Cospicue sono le vestigia dei suoi varî periodi storici, sia nella città stessa che nel territorio. Tuttavia per l'età preromana gli oggetti notevoli, e spesso eccezionali, provengono dai dintorni di A., come le spade tipo Hallstatt di Rocca di Morro, che figurano tra gli esemplari più arcaici dell'Età del Ferro. Dell'età romana A. possiede monumenti di grande pregio. Intanto il tracciato generale della città è sostanzialmente quello antico: l'arx è da ubicarsi sul colle dell'Annunziata, dove è oggi la Rocca Pia, e le imponenti sostruzioni romane, poste a mezza costa, sono forse da riferirsi al capitolium. Il percorso delle mura non poteva che seguire l'andamento naturale ed obbligato segnato dalle sponde dei fiumi incassati e quindi corrispondere al tracciato della cinta medievale. Solo a S-O se ne distaccavano per affrontare il ripido colle dell'Annunziata, come provano i considerevoli tratti di muro ad opus reticulatum, allineati con Porta Gemina e diretti a S.
Il decumanus maximus è probabilmente l'odierno corso Mazzini, che va, perfettamente orientato, da Porta Gemina alle mura orientali presso il Castellano, con un percorso di oltre 1300 m; invece la via Salaria, che pure entrava dalla medesima porta, aveva una direzione più meridionale e alquanto divergente (via Adua, piazza Arringo), per giungere al ponte detto "di Cecco", attraverso il quale usciva dalla città. Il cardo maximus sembra conservato da via Pretoriana che, scendendo al colle dell'Annunziata, prosegue per via Malta ed infine piega ad O verso il ponte Solestà: cosicché il Foro, all'incrocio con il decumano, coinciderebbe con l'attuale centro cittadino (piazza del Popolo). Il toponimo via "del Foro" concorda con questa ricostruzione; tuttavia la tradizione locale situerebbe il Foro nella piazza Arringo. Particolare nota meritano alcuni importanti monumenti architettonici superstiti. Gli avanzi del teatro, non ancora esplorato, si trovano appoggiati alle pendici del colle dell'Annunziata.

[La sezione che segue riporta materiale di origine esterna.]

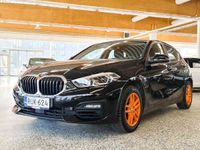 käytetty BMW 118 118 F40 Hatchback i Business - 3kk lyhennysvapaa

Invece ottimamente conservata tra le fortificazioni occidentali è la Porta Gemina, in travertino locale, d'età immediatamente pre-augustea: poggiando su tre saldi pilastri, essa apre due passaggi carrai sormontati da archi a tutto sesto. Caratteristica la chiesa di S. Gregorio Magno (sec. XII) che ha incorporato, senza sopraffarlo, un tempio pagano (lungh. m 20,21; largh. m 11,15) prostilo, tetrastilo, di ordine corinzio, su alto podio. Anche questo si data in età vicina ad Augusto. Infine A. conserva due ponti romani in travertino: l'uno sulle rive del Castellano, all'uscita della Salaria, è d'età repubblicana; l'altro, augusteo, si erge fra le alte rive del Tronto, permettendo l'uscita alla deviazione della Salaria per Fermo. Il primo - ora semidistrutto dalle mine tedesche postevi durante la seconda guerra mondiale - detto "di Cecco", è ad opera isodoma ed aveva due luci di diversa ampiezza (rispettivamente m 14,50 e m 7,15), con gli archi impostati pure ad altezza diversa sull'unico pilone centrale.
Il secondo, detto di Solestà o dei Cappuccini, è ad unico arco a tutto sesto (luce m 22,20; alt., fino al piano di calpestìo, m 25), costruito ad opera pseudo-isodoma, ornato di sobrie decorazioni architettoniche che ne scandiscono le varie parti funzionali. Nel 1938 un radicale e ingegnoso restauro ha ricavato alcuni locali nell'interno delle spalle del ponte, dove è sistemato un piccolo museo del ponte stesso.